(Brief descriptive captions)
'''
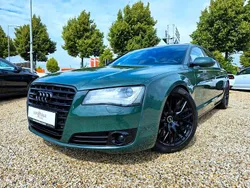 Grün Gebraucht 2011 Audi A8L Sport Limousine | 16.990 € (Fairer Preis)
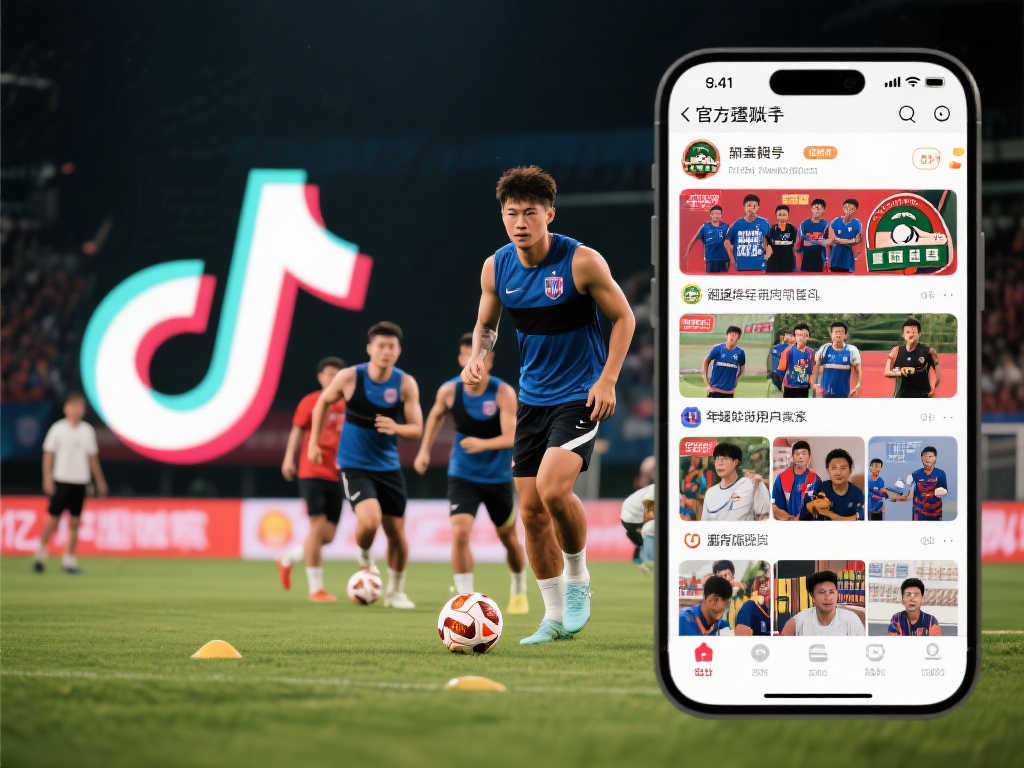 中超战队进军短视频平台，与球迷零距离互动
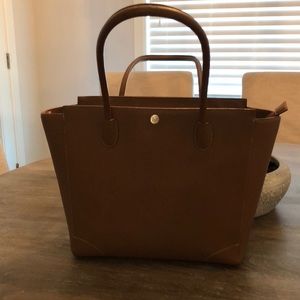 Little Unicorn Brookside Tote - Brown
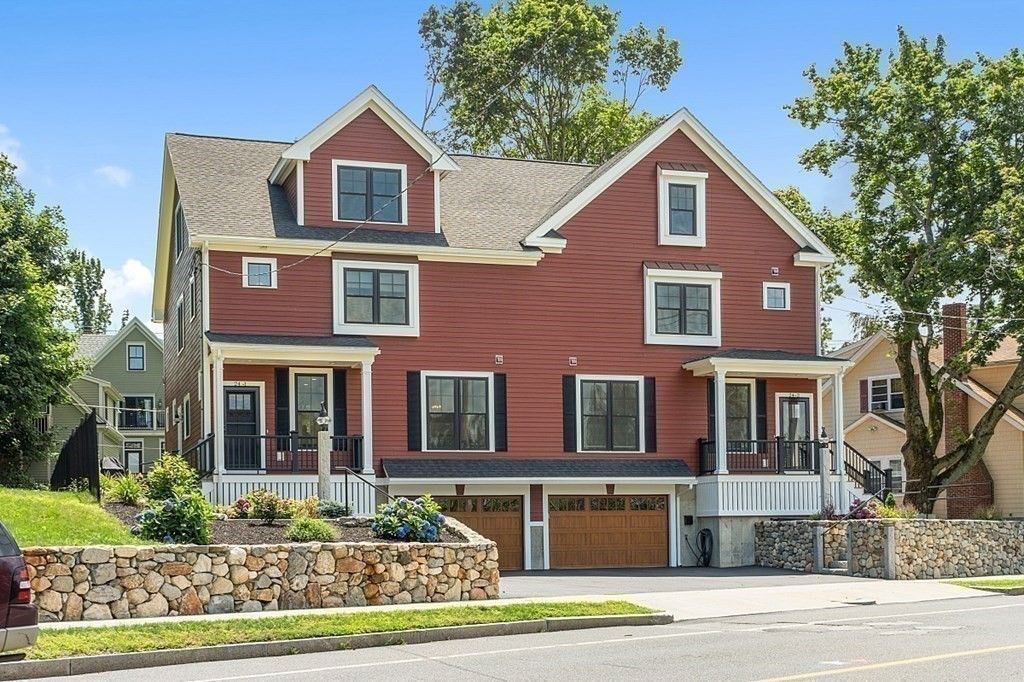 24 Church Street 1, Wakefield, MA 01880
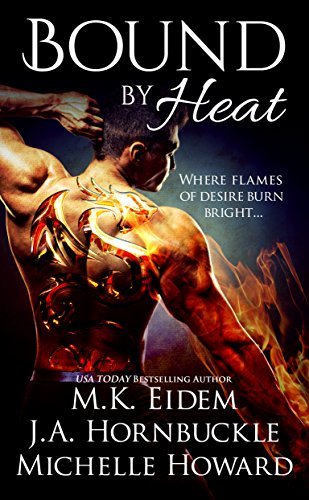 Cover of Bound By Heat Anthology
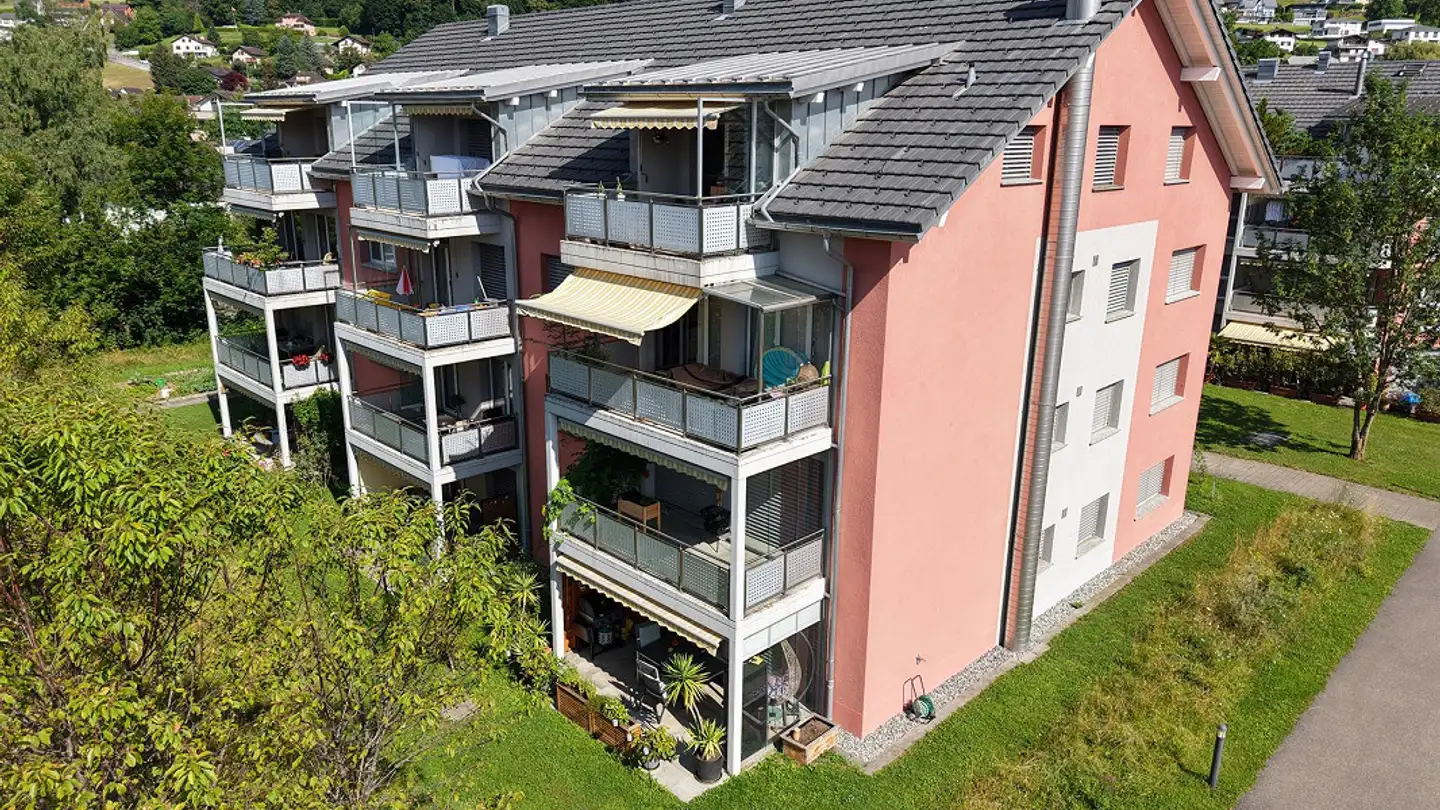 Appartamento in affitto - Rheinstrasse 31, 7320 Sargans - Photo 2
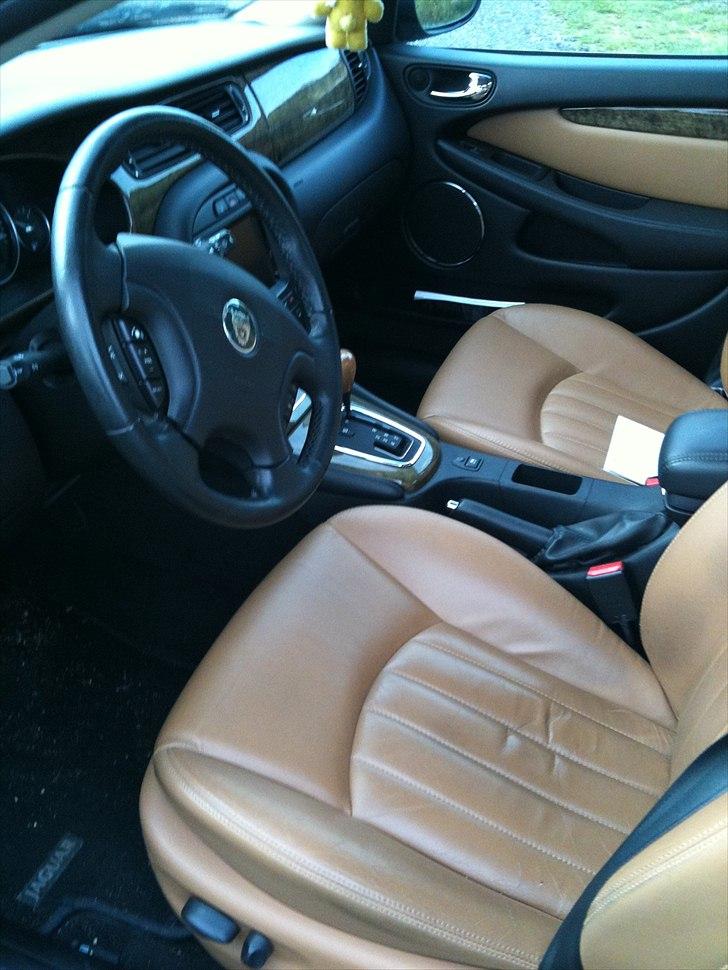 Jaguar X-TYPE billede 8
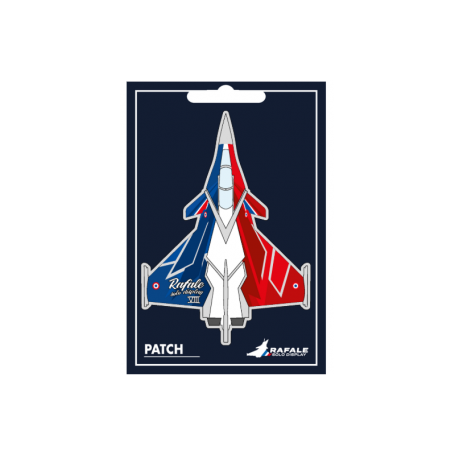 Patch Rafale Solo Display Rafale Tricolore RSD-AC-98800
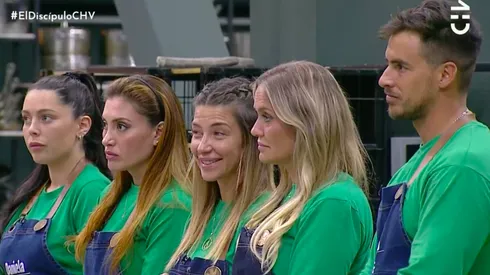 El momento de la verdad en El Discípulo del Chef.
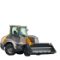 Колесни товарачи Mecalac AS 700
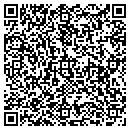 QR code with 4 D Peanut Gallery contacts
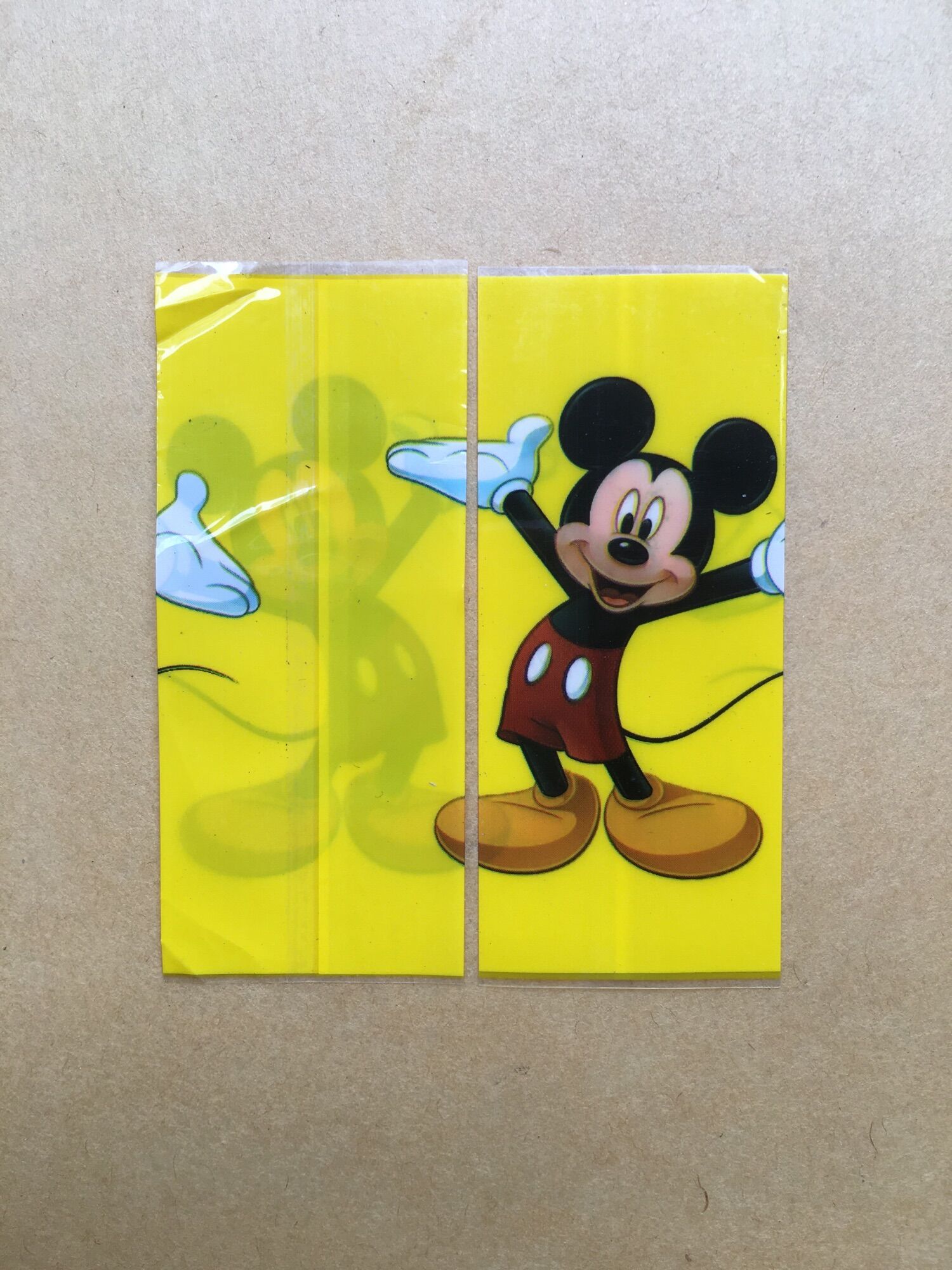 Skin áo co bọc pin 18650(10 cái)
'''
WHAT YOU NEED TO DO: Repeat the records above word for word. Pictures stay out of the copy.

EXERCISE RESULT:
 Grün Gebraucht 2011 Audi A8L Sport Limousine | 16.990 € (Fairer Preis)
 中超战队进军短视频平台，与球迷零距离互动
 Little Unicorn Brookside Tote - Brown
 24 Church Street 1, Wakefield, MA 01880
 Cover of Bound By Heat Anthology
 Appartamento in affitto - Rheinstrasse 31, 7320 Sargans - Photo 2
 Jaguar X-TYPE billede 8
 Patch Rafale Solo Display Rafale Tricolore RSD-AC-98800
 El momento de la verdad en El Discípulo del Chef.
 Колесни товарачи Mecalac AS 700
 QR code with 4 D Peanut Gallery contacts
 Skin áo co bọc pin 18650(10 cái)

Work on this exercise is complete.